Nato l’11 dicembre 1946 per aiutare i bambini europei al termine della Seconda guerra mondiale, anche in Italia, oggi il Fondo delle Nazioni Unite per l’Infanzia opera in oltre 190 paesi e territori di tutto il mondo, in paesi in via di sviluppo come in quelli industrializzati, dove vivono più di due miliardi di bambini e ragazzi. E realizza programmi di sviluppo nel campo sanitario, dei servizi igienici, delle forniture di acqua, dell’istruzione e dell’assistenza alle madri.

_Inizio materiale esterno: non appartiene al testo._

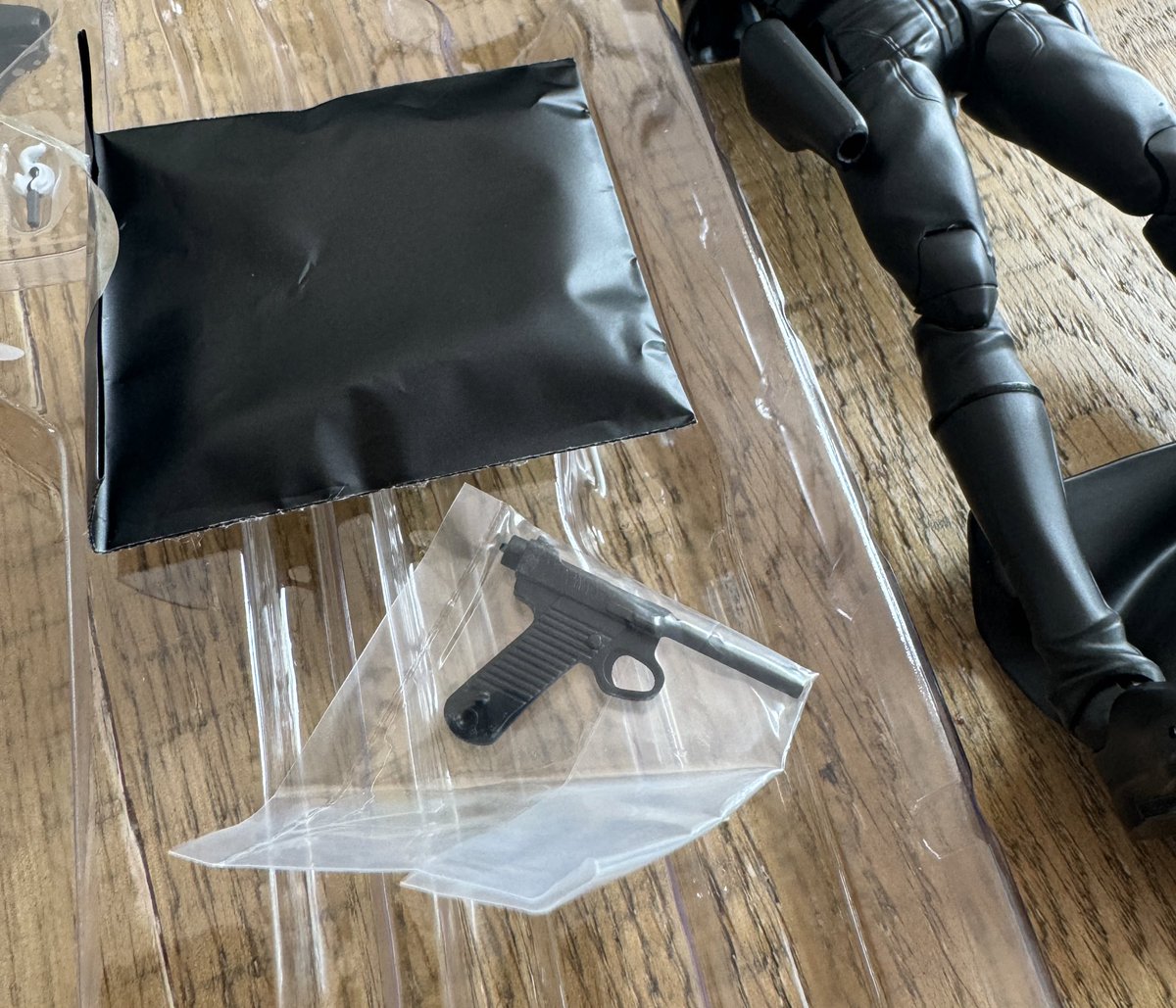 Sentinel snuck this gun in with Spider-Man Noir like contraband inside a non-descript black bag, not mentioned in the accessory list or anything. Cracking me up.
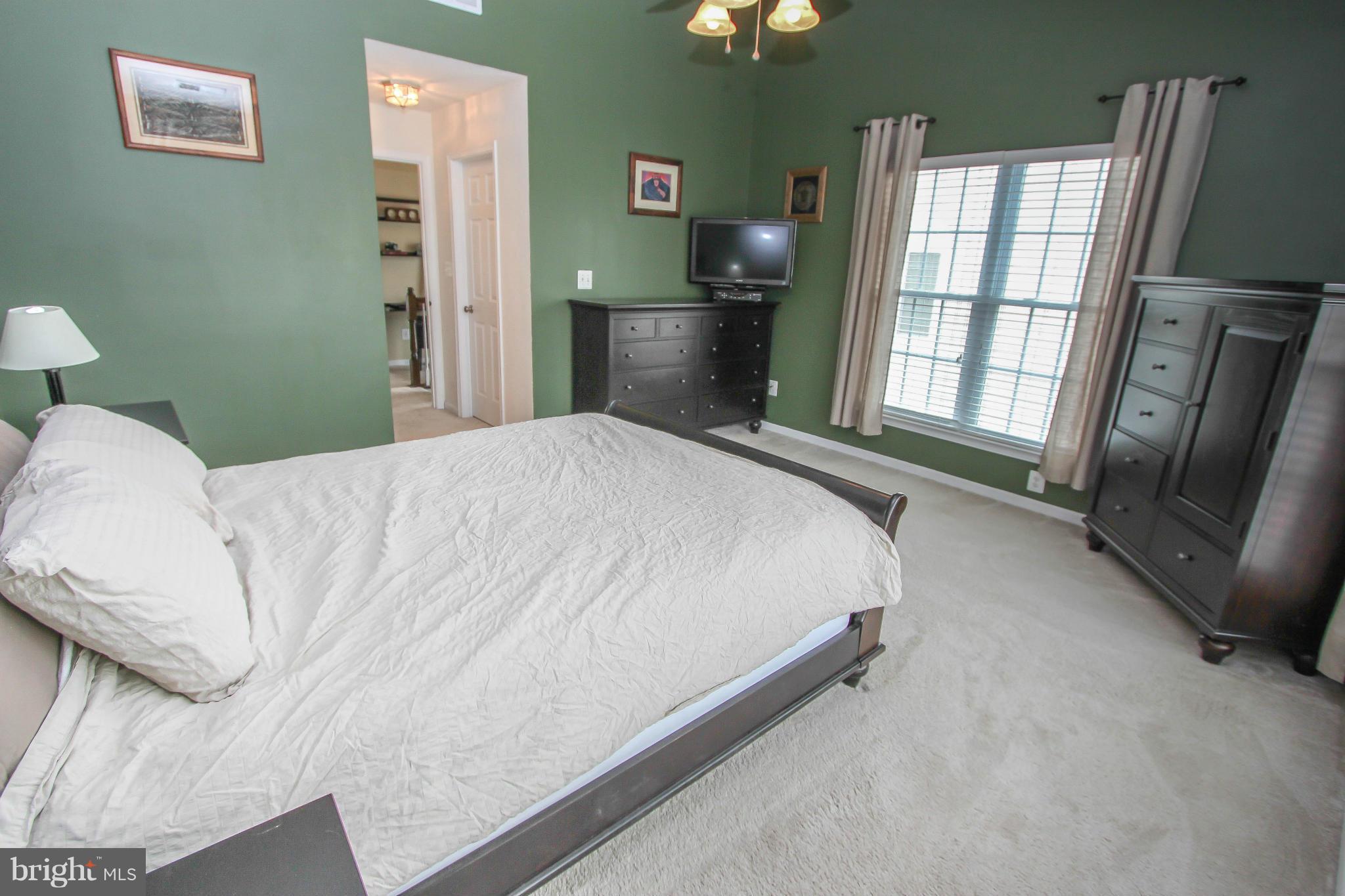 SOUTH RIDING - Residential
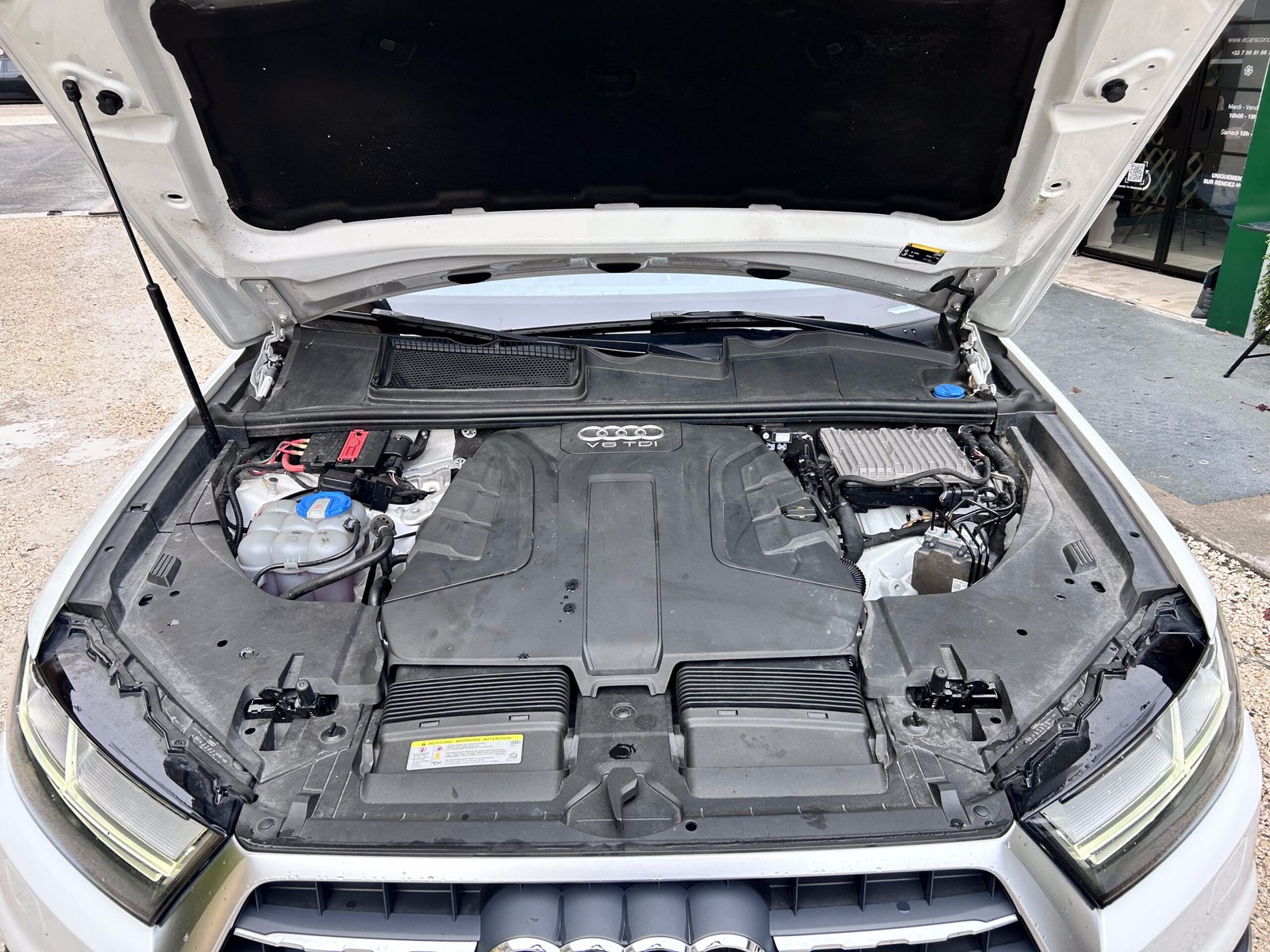 AUDI Q7 3.0 litres TDI V6 Turbo QUATTRO 272CH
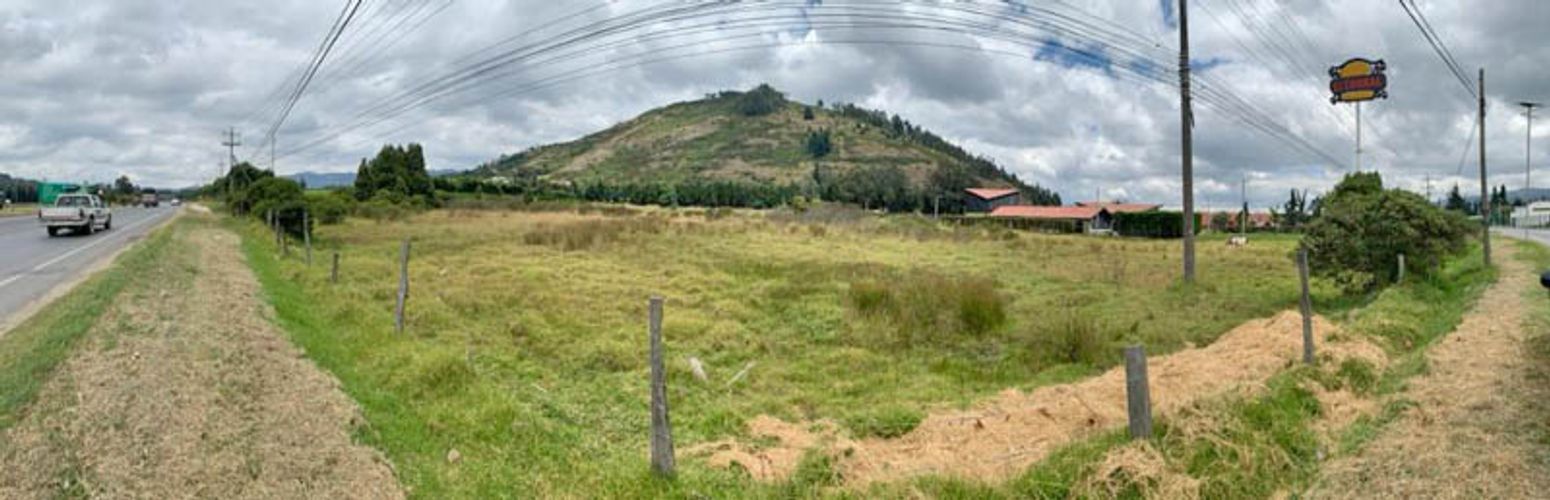 Lote en venta en La Diana, Sopó, 26085 m² · foto 4 de 11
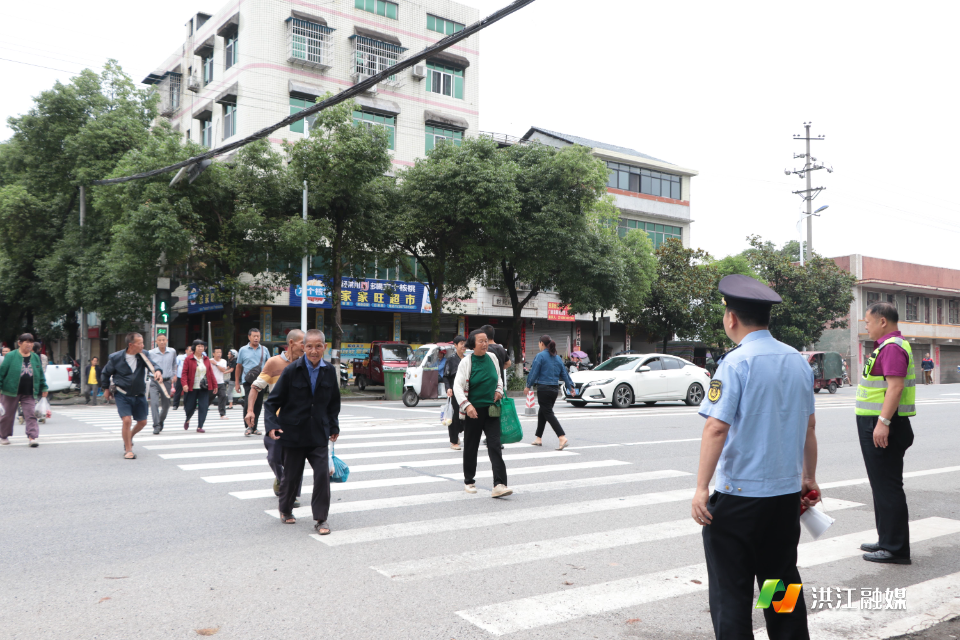 赶集劝导保畅通 严查隐患护平安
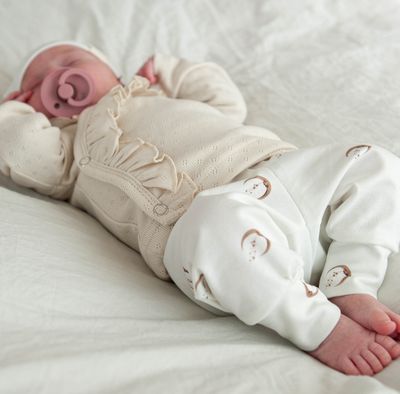 Newborn overslag shirtje ruffel ajour beige naturel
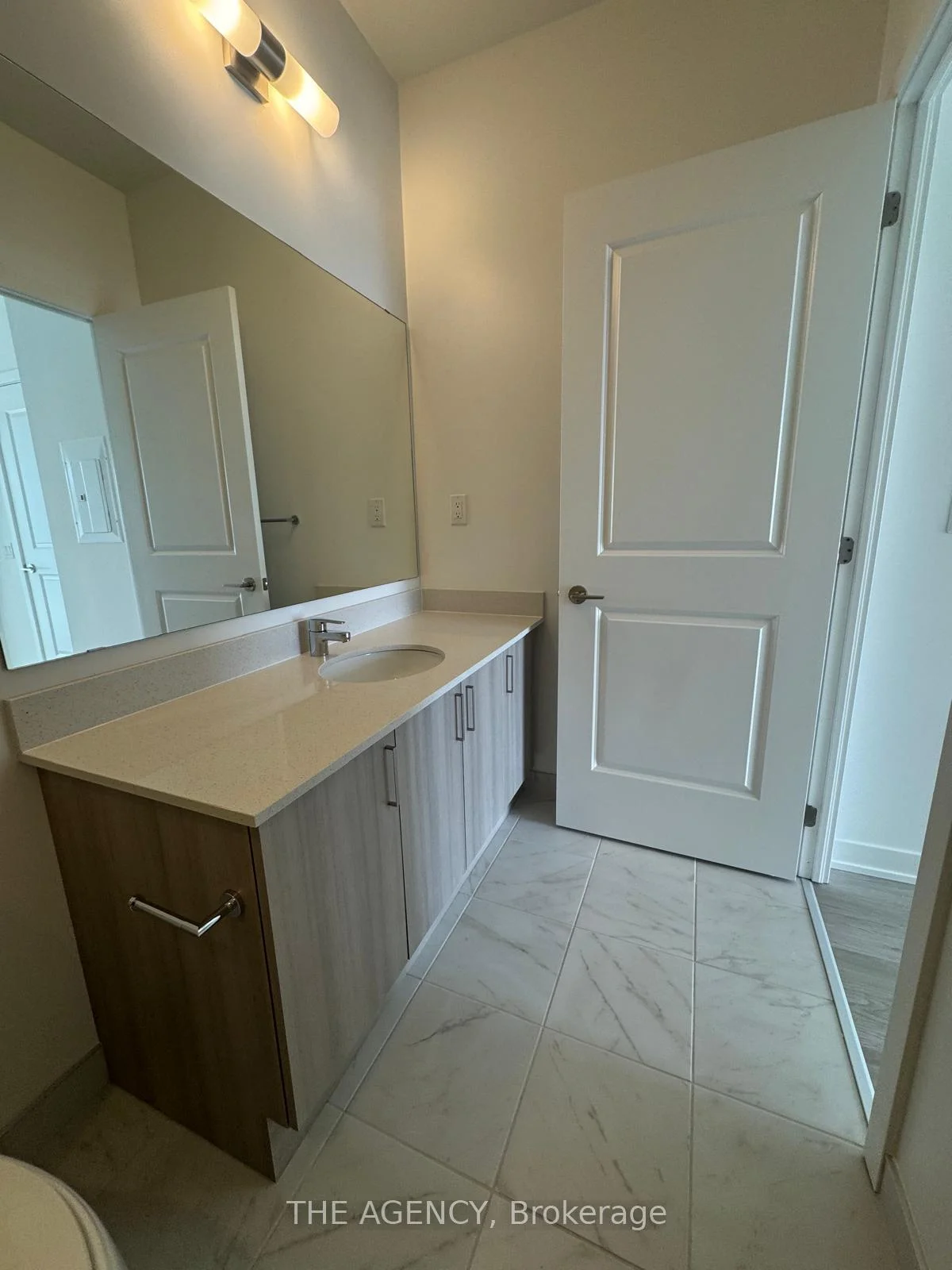 Photo 18 of Unit 2707, 1010 Sandy Beach Road, Pickering, Bay Ridges — HOMEH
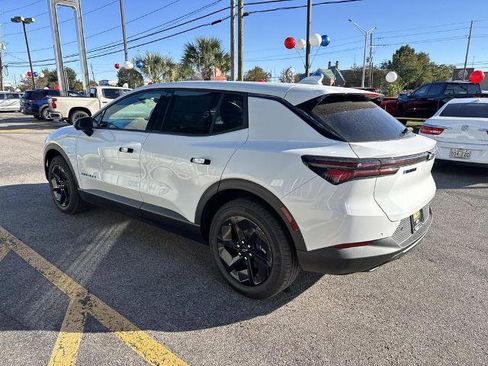 New 2026 Chevrolet Equinox EV LT image 5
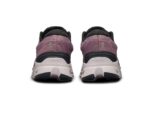 On Cloudstratus 3 Womens Running Shoes - Image 2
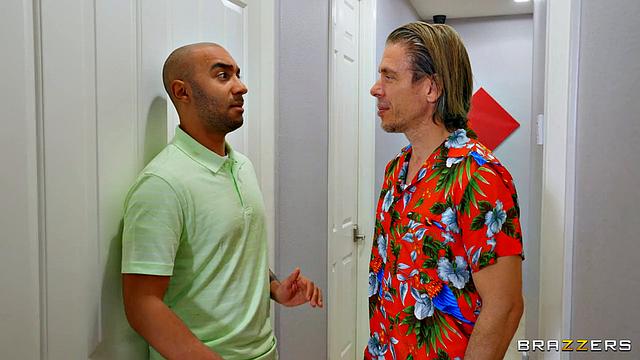 Слимтик Вик и Asteria Diamond устраивают групповуху с Mick Blue за спиной парня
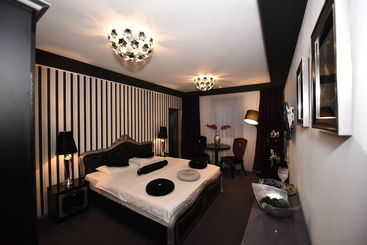 پانسیون Rixo`s Guesthouse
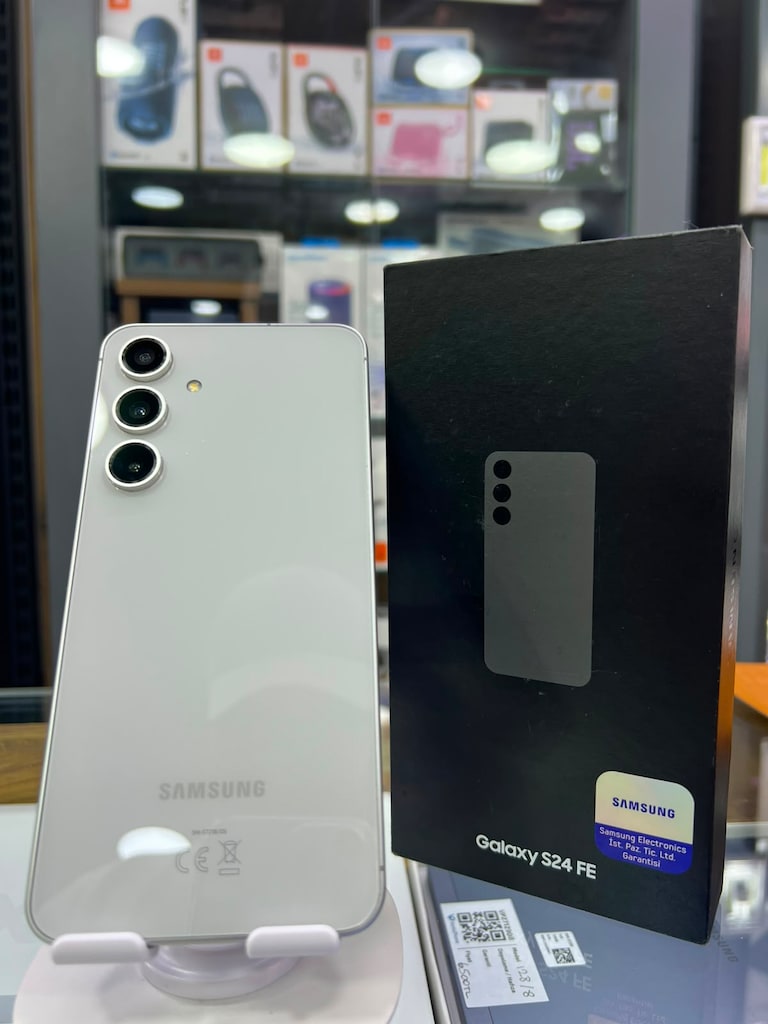 SAMSUNG S24FE - 8/256 GB - TEMİZ - SAMSUNG TR GARANTİLİ - 2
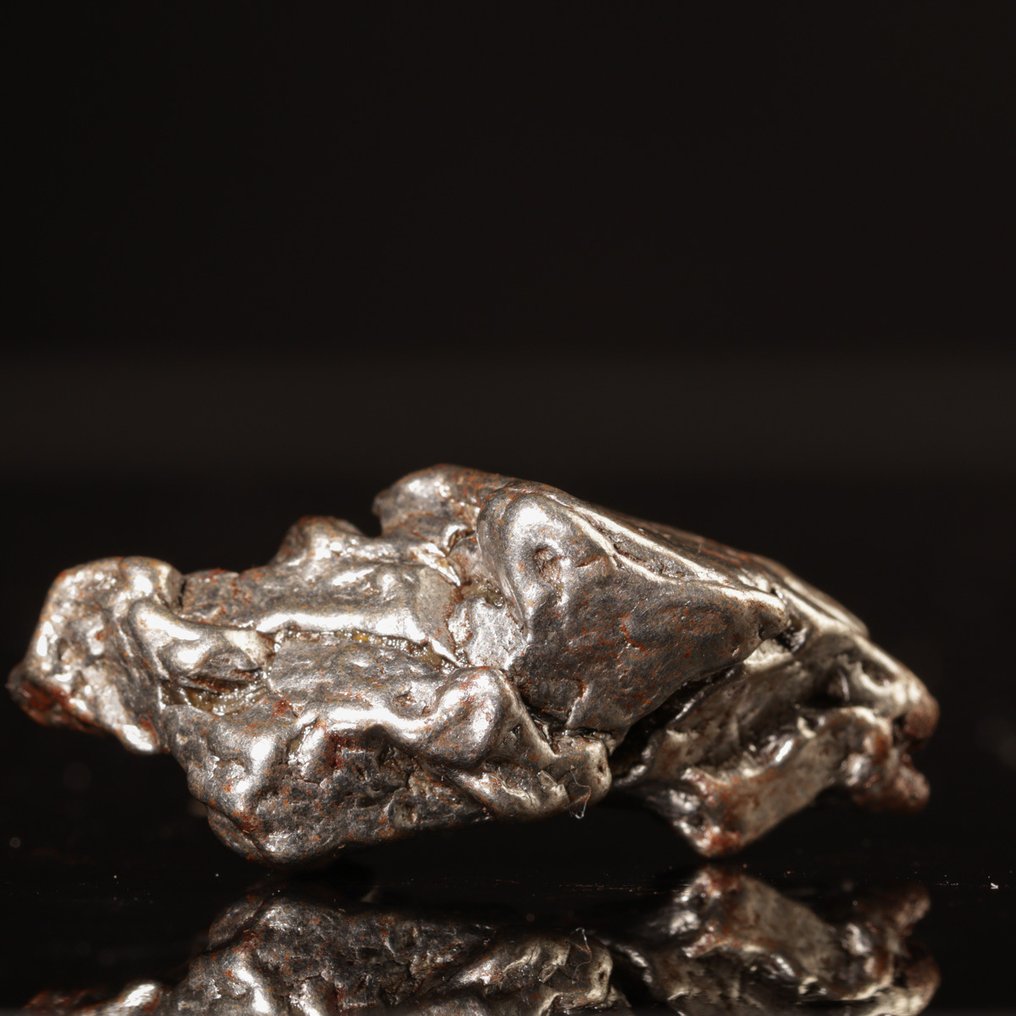 Campo del Cielo - Μετεωρίτης – Σίδερο-Νικέλιο με δομή Widmanstätten. - Ύψος: 40 mm - Πλάτος: 20 mm- 38 g #4.3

Inoltre, Unicef è in prima linea nelle emergenze umanitarie, non solo con l’invio di aiuti di primo soccorso, ma anche con programmi di sostegno psicologico per i bambini traumatizzati dai conflitti o dalle catastrofi naturali. Le calamità naturali, come i conflitti armati e le migrazioni, espongono infatti i bambini ai peggiori rischi di abuso e sfruttamento, soprattutto quando rimangono soli. Secondo le stime più recenti, quasi 250 milioni di bambini, cioè 1 su 9, vivono in zone e regioni coinvolte da conflitti armati.